- Genre: Romance Drama
- Written by: K. Subbu
- Directed by: K. Subbu
- Starring: Shanmukh Jaswanth; Vaishnavi Chaitanya; Pruthvi Mukka; Jhakaas Pruthvi; Iduri Sri Priya;
- Theme music composer: Suman Vankara
- Country of origin: India
- Original language: Telugu
- No. of seasons: 1
- No. of episodes: 10

Production
- Executive producer: Sathwik G. Roy ( sathwik Gangisetty)
- Producer: Vandana Bandaru
- Production locations: Hyderabad, India
- Cinematography: Vamshi Srinivas
- Editor: Krishna Karthik Vunnava
- Running time: 17–41 minutes
- Production company: Infinitum Media

Original release
- Network: YouTube
- Release: 31 July – 27 October 2020

= The Software Devloveper =

Indian YouTube series

The Software Devloveper, stylized as The Software DevLOVEper, is an Indian Telugu-language romantic comedy drama web series written and directed by K. Subbu.

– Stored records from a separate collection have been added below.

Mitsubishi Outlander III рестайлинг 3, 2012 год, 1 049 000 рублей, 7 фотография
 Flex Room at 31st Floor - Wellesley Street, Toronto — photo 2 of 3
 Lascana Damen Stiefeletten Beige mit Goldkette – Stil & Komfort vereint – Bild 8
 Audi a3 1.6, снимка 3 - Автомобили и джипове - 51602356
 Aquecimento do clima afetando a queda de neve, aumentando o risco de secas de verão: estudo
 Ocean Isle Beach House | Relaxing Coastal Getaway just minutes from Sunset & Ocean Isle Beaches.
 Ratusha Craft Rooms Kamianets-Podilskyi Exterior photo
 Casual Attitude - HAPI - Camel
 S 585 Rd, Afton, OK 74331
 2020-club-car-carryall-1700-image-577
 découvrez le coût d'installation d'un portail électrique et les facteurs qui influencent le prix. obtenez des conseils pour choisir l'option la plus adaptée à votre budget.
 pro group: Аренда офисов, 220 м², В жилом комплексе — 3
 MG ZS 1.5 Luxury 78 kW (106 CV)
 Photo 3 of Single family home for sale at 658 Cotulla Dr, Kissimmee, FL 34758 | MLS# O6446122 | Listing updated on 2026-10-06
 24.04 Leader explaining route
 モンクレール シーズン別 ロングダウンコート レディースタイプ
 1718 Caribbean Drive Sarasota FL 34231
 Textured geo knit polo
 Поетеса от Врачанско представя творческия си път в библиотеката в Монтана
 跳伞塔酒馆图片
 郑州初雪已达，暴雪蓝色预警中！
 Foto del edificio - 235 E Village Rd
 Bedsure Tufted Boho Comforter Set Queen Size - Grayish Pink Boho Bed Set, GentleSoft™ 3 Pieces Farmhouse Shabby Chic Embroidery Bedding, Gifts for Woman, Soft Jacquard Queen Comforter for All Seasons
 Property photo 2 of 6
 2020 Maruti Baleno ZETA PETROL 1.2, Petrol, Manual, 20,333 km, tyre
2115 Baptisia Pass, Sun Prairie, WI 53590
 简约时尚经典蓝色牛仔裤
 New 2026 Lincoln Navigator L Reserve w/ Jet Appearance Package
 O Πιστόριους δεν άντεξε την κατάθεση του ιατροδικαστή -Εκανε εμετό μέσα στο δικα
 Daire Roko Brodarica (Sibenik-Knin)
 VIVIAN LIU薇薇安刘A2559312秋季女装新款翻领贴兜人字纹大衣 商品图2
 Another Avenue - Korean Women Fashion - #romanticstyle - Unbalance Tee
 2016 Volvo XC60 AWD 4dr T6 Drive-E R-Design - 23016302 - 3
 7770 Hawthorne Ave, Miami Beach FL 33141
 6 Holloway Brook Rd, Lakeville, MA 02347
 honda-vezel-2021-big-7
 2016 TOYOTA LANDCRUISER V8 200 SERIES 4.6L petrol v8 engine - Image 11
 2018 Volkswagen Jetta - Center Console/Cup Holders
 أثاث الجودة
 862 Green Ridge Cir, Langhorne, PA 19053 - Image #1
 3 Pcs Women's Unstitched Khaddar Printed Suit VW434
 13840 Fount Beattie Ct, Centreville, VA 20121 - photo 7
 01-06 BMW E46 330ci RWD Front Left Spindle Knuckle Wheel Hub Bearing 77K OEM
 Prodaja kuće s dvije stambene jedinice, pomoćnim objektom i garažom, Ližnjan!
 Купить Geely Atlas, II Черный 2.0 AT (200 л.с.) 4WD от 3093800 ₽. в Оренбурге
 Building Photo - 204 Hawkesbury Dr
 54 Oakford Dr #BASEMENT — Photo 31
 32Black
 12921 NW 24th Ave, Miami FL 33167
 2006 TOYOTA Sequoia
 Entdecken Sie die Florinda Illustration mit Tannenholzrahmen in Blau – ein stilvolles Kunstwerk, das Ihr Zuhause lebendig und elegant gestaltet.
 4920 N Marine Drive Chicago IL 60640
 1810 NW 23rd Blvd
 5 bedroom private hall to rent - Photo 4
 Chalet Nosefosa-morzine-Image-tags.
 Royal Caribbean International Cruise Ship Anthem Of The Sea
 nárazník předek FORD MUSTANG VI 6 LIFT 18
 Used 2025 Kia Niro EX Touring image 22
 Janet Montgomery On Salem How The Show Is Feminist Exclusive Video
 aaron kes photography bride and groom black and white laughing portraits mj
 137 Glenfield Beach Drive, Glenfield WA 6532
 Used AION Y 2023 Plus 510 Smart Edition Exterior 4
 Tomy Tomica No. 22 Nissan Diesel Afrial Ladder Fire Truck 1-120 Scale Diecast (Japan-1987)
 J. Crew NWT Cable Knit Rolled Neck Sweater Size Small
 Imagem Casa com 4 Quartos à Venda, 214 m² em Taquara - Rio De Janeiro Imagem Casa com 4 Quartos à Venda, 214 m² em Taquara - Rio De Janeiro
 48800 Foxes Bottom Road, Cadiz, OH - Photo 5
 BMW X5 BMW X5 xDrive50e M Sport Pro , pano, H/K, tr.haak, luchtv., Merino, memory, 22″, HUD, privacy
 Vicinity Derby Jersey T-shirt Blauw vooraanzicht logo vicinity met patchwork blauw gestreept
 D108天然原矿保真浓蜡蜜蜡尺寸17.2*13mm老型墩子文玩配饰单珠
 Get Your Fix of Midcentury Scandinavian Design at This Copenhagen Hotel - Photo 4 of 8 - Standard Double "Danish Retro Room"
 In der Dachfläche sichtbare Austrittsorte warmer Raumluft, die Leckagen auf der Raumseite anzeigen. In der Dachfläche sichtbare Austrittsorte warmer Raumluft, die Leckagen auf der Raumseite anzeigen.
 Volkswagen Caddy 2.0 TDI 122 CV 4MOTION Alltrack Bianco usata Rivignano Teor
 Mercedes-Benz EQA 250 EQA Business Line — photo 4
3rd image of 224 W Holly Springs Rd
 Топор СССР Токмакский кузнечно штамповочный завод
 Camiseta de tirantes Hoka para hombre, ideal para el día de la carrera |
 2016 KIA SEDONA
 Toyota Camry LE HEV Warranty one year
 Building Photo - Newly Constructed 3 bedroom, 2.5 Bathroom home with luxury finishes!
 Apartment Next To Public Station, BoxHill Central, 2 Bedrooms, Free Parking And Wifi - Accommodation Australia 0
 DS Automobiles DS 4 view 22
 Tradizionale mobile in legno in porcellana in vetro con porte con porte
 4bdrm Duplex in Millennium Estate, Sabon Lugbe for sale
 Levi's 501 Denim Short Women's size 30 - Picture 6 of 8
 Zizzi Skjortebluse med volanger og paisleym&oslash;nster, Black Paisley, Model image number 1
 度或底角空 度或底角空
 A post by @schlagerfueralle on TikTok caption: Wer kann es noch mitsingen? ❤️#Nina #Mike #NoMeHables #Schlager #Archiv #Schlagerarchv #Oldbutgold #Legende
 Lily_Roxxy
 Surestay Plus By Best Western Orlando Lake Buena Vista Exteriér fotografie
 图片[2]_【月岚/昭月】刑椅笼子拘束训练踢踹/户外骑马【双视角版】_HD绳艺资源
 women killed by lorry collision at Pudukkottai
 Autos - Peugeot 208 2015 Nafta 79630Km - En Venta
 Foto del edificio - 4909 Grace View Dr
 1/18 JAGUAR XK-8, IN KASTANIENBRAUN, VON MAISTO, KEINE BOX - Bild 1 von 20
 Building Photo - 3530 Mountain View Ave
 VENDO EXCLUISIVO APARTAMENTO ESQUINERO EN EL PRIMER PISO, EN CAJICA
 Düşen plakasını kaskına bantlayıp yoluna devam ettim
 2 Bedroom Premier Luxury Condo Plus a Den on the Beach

Created by Infinitum Media, the series has an ensemble cast of Shanmukh Jaswanth Kandregula, Vaishnavi Chaitanya, Pruthvi Mukka, Jhakaas Pruthvi and Iduri Sri Priya. The ten-episode series premiered on YouTube on 31 July 2020.

== Synopsis ==
A group of four people including Shannu work in a social software company when a new girl, Vaishnavi, joins their team. Shannu falls in love with Vaishnavi and tries to spend time with her, but she treats him like a friend. Later, she thought that Mr. Shannu loves her, but when she cross checked if Shannu loves her or not, he lies that he is treating her as a friend. When he realized that she cross checked and she loves him too. He messages her that he loves her. But she hadn't seen the message, her father saw this message and took away her phone. Later Vaishnavi marries another guy. At the end, she realises that he always loved her. At the end of Season 1, it is shown that Shannu goes abroad for onsite.

== Cast ==

- Shanmukh Jaswanth Kandregula as Shanmukh "Shannu" Jaswanth
- Vaishnavi Chaitanya as Vaishnavi
- Pruthvi Mukka as DC Don
- Nagarapu Pruthvi as Marvel Manohar
- Iduri Sri Priya as Harika
- Palaparthi Sri Vidya as HR Manager Shruti
- Jaya Chandra as Manager Aravind
- Subbu K as Advisor
- Pravallika Damerla as Priya

== Production ==
In an interview to Sakshi, director Subbu said that he didn't have a plan of making the first season. He rather wrote a story that needs a basic plot. He then confirmed that the story he initially wrote will be made as the second season.

== Episodes ==

=== Season 1 (2020) ===

| No. overall | No. in season | Directed by | Written by | Original release date |
|---|---|---|---|---|
| 1 | 1 | K. Subbu | K. Subbu | July 31, 2020 |
| 2 | 2 | K. Subbu | K. Subbu | August 11, 2020 |
| 3 | 3 | K. Subbu | K. Subbu | August 21, 2020 |
| 4 | 4 | K. Subbu | K. Subbu | August 28, 2020 |
| 5 | 5 | K. Subbu | K. Subbu | September 8, 2020 |
| 6 | 6 | K. Subbu | K. Subbu | September 18, 2020 |
| 7 | 7 | K. Subbu | K. Subbu | September 25, 2020 |
| 8 | 8 | K. Subbu | K. Subbu | October 6, 2020 |
| 9 | 9 | K. Subbu | K. Subbu | October 16, 2020 |
| 10 | 10 | K. Subbu | K. Subbu | October 27, 2020 |

== Reception ==
Upon release, the first season obtained more than 158 million (15.8 crore) views combined. Karthik Keramulu of Film Companion quoted it as the "Baahubali of Telugu YouTube" but criticized the performance of Shanmukh and stated "Plus, the main problem with Shanmukh, as an actor, is that he’s not convincing enough. To put it mildly, he needs acting classes.".